7. Linda Tegg Grasslands 2014

Linda Tegg Grasslands, south-east Australian native grasses, 2014. Photograph: Matthew Stanton.

Key Themes: Ephemeral Public Artwork; Conceptual Artwork

Inquiry Questions:

  1. Look at the photographs of Grasslands and then at the State Library of Victoria (SLV) forecourt as it is today. Can you identify what Tegg did to change the environment?
  2. For Grasslands Tegg reintroduced grasses native to south-east Australia to the SLV forecourt. Can you deduce why you think the artist was inspired to do this?
  3. Because Grasslands was ephemeral (temporary), all that is left of the artwork are photographs. What are some other methods you can think of to create an artwork that leaves no trace afterwards? Consider media that wash away, dissolve, or are removable.
  4. What kind of public artwork would you create for the SLV forecourt? Try to make your idea site specific – look at the existing features of the site such as artworks, architecture, and library users – how could those elements become an actual part of your artwork?

Linda Tegg’s Grasslands is an example of ephemeral public artwork. The artwork was an installation of grasses native to south-east Australia that Tegg grew and then installed within the forecourt of the State Library of Victoria (SLV).

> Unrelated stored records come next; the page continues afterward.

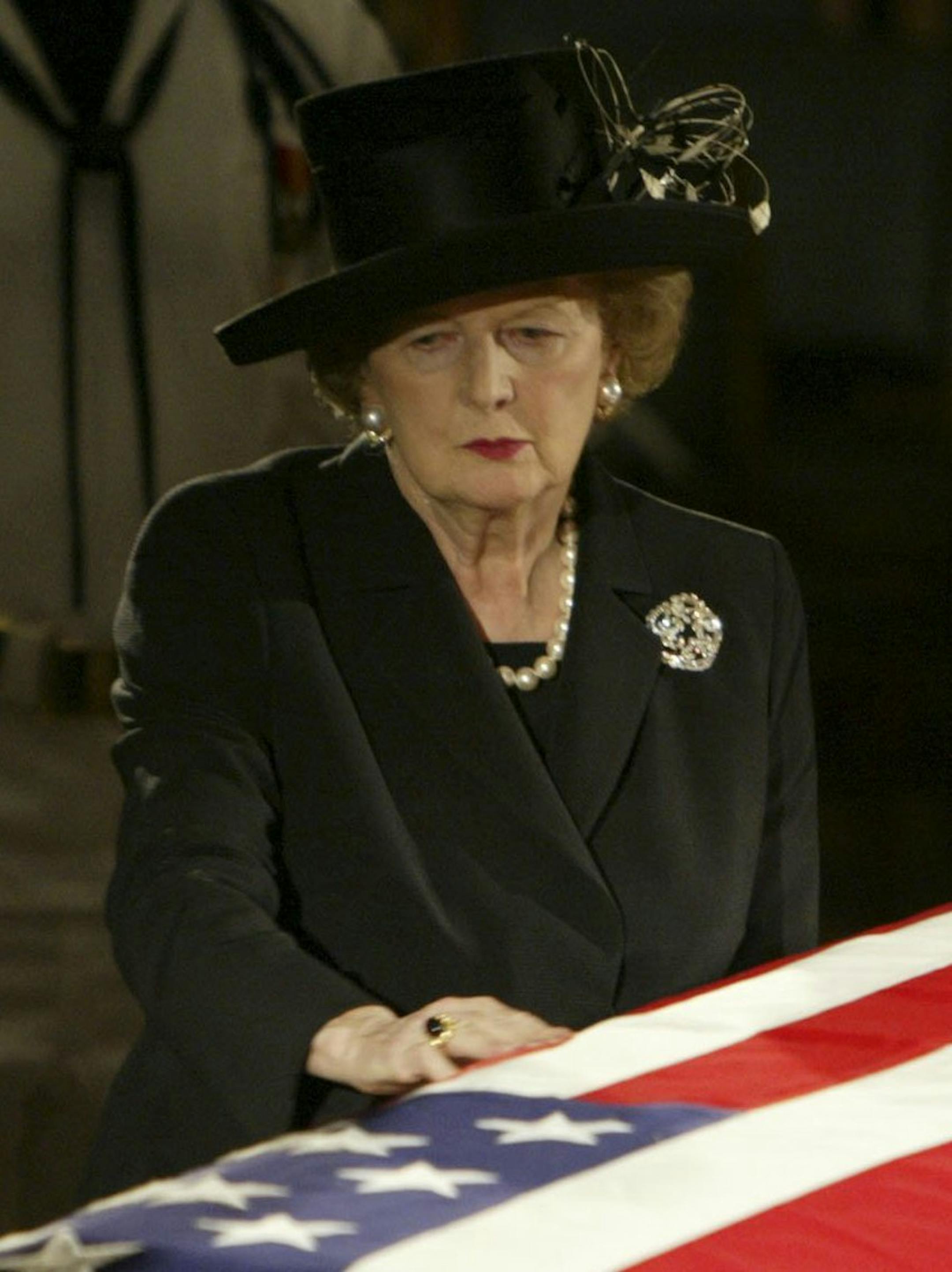 FILE - In this June 9, 2004 file photo, former British Prime Minister Margaret Thatcher pauses at the casket of former U.S. President Ronald Reagan where he was lying in state in the Capitol Rotunda on Capitol Hill in Washington. Thatchers former spokesman, Tim Bell, said that the former British Prime Minister Margaret Thatcher died Monday morning, April 8, 2013, of a stroke. She was 87. (AP Photo/Ron Edmonds, File)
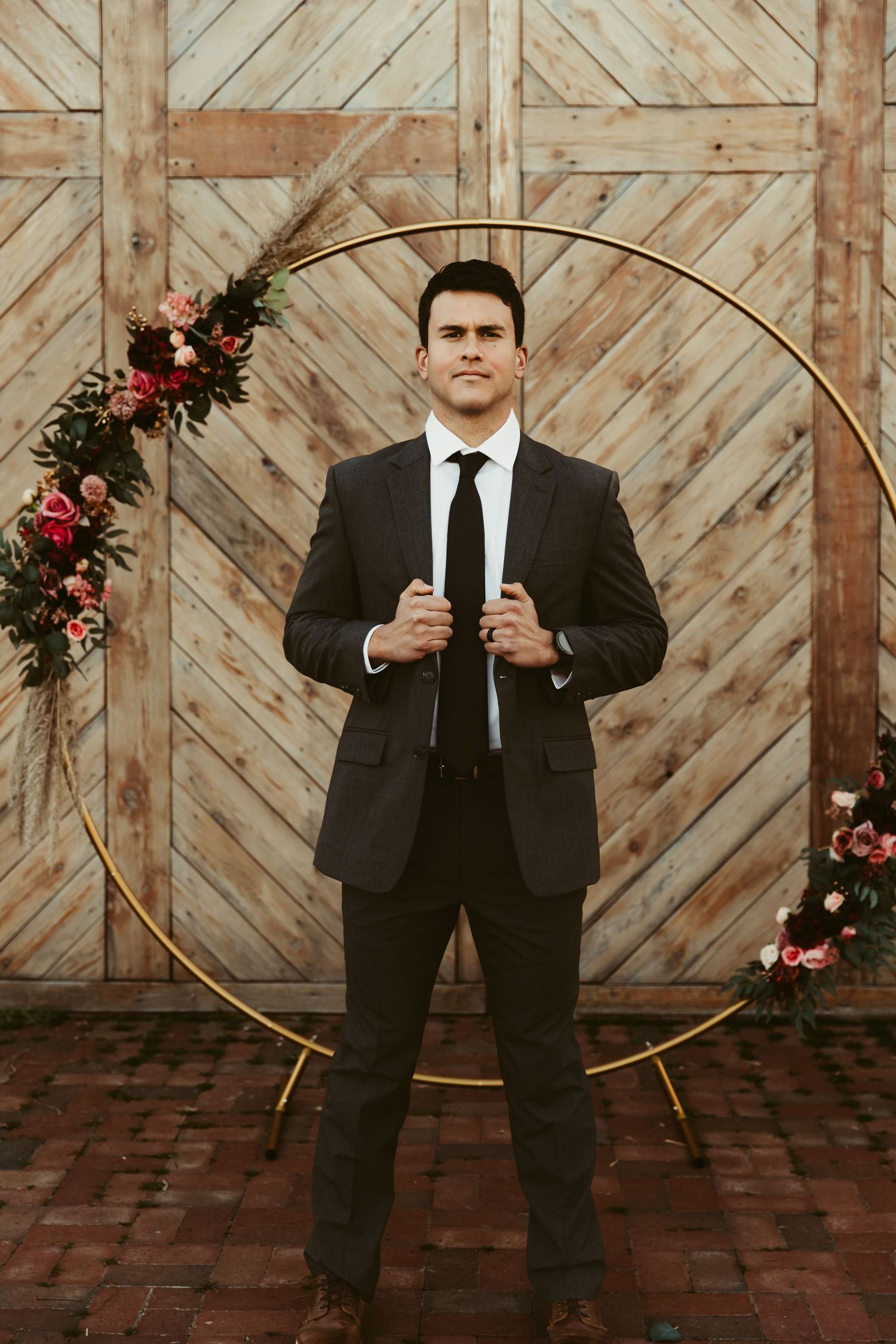 Wedding party member in black suit poses playfully against rustic wooden wall with floral decorations.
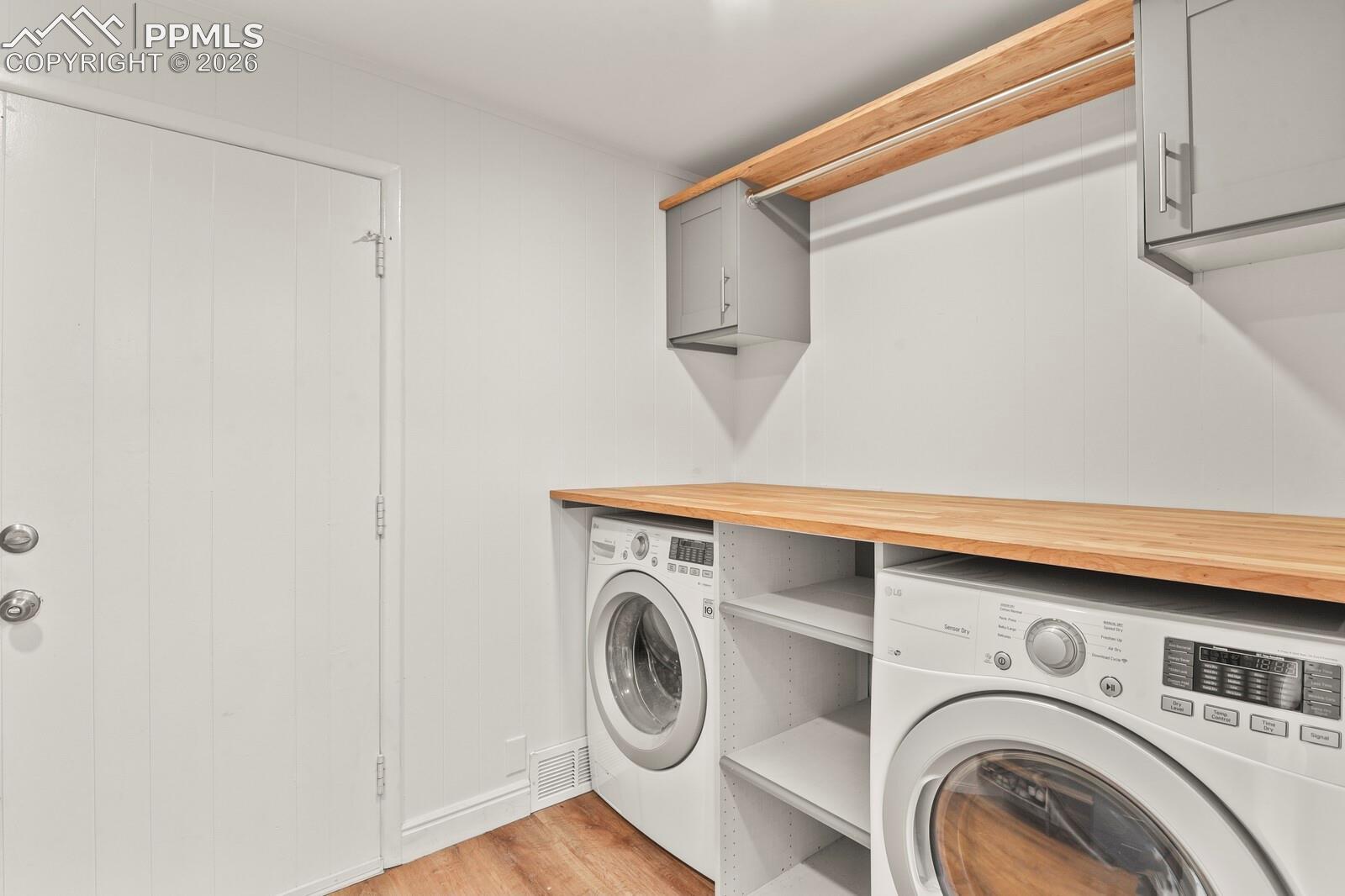 Laundry area featuring a wood counter, cabinets and convenient clothes hanging area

It was a part of the 2014 Melbourne Festival visual arts program and because it was temporary, today we can only experience it in photographs.

The SLV forecourt is a popular place for the public to gather in the CBD. It is the largest open green area in that part of the city, where all other parts of the natural landscape have been built over. However, even though there is grass growing and a few trees, this landscape is artificially constructed and consists primarily of introduced flora. Artist Linda Tegg noticed these conditions and decided to create an artwork that would recreate what the library forecourt might have appeared like in its natural state, prior to the colonisation of the land to establish Melbourne.

For my Grasslands project in 2014, I wanted to recreate the pre-settlement grassland that once stretched across Melbourne, in the State Library of Victoria forecourt.

In 2018 Tegg has recreated Grasslands for the Architecture Biennale in Venice, Italy. The artist has not reused all the same plants, rather, she has created a new iteration of the artwork using the same methods. This is possible because Grasslands is a conceptual artwork. A conceptual artwork exists as an idea that can be carried out by following the instructions or guidelines for creation. With Grasslands, the site, the type of plants, and the style of installation are key to its concept. So the work can be the same, but different. A contrast to this would be a painting of some grasslands, where the artists particular perspective, expression, brush strokes and colour use might too complex or nuanced to be reduced to a set of instructions.

Art-historical Connection:

In 1982 American artist Agnes Denes created Wheatfield – A Confrontation: Battery Park Landfill, Downtown Manhattan by planting a field of wheat in the middle of New York on a  vacant site where a skyscraper was to be built. Like Grasslands, today this artwork exists only as images. The similar manner in which Denes’ artwork engaged the surreal contrast of an unexpected planting in the city environment marks it as an art-historical precedent for Grasslands.